Happy Earth Day from IBC Engineering Services!

Happy Earth Day from IBC Engineering Services!

While there are a lot of reasons for alarm and concern with regard to the state of our environment, and lasting international and national policies remain elusive, we at IBC remain hopeful about our ability to make a positive difference in our daily work.

In the words of our Vice President and resident guru Lev Zvenyach, “Innovation begins when you change the way you look at things.”  With that in mind, let’s take a closer look at where our energy comes from and how it’s used in the US.

This is a Sankey diagram from Lawrence Livermore National Lab showing the pathways fuels take to different sectors of the economy.  This diagram shows the alarming fact that some 58% of total energy consumed never performs any service!  That is astounding, and demands understanding and solutions.  To put it in context globally, that huge gray box of “rejected energy”—largely waste heat—is more than three times the primary energy that the entire continent of Africa used in 2010[1].

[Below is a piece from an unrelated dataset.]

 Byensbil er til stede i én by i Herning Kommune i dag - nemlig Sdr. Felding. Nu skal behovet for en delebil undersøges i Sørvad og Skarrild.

From my office in Washington, DC, I hear a lot of big talk about the left side of the energy picture—how big different fuels’ shares are; their security, supply, and pricing.  With all that focus, it’s easy to forget that less than half of the original energy content ends up delivering any tangible service to consumers.

While our work at IBC primarily focuses on safely, efficiently, and economically delivering energy services those services represented at the right side of the diagram, we know that doing our job well can provide compound benefits upstream by avoiding the need for the energy in the first place, and all the waste that goes along with converting and delivering it.  While we can only reach so many projects at a time, we strive to make those projects as good as possible—both for our clients and the planet.

It has been said that technology is about minimizing the conflict between competing priorities; good design is eliminating that conflict.  While we are always excited about new gadgets and techniques, we try not to confuse invention with innovation, and to make sure we’re looking at the right sight of the problem.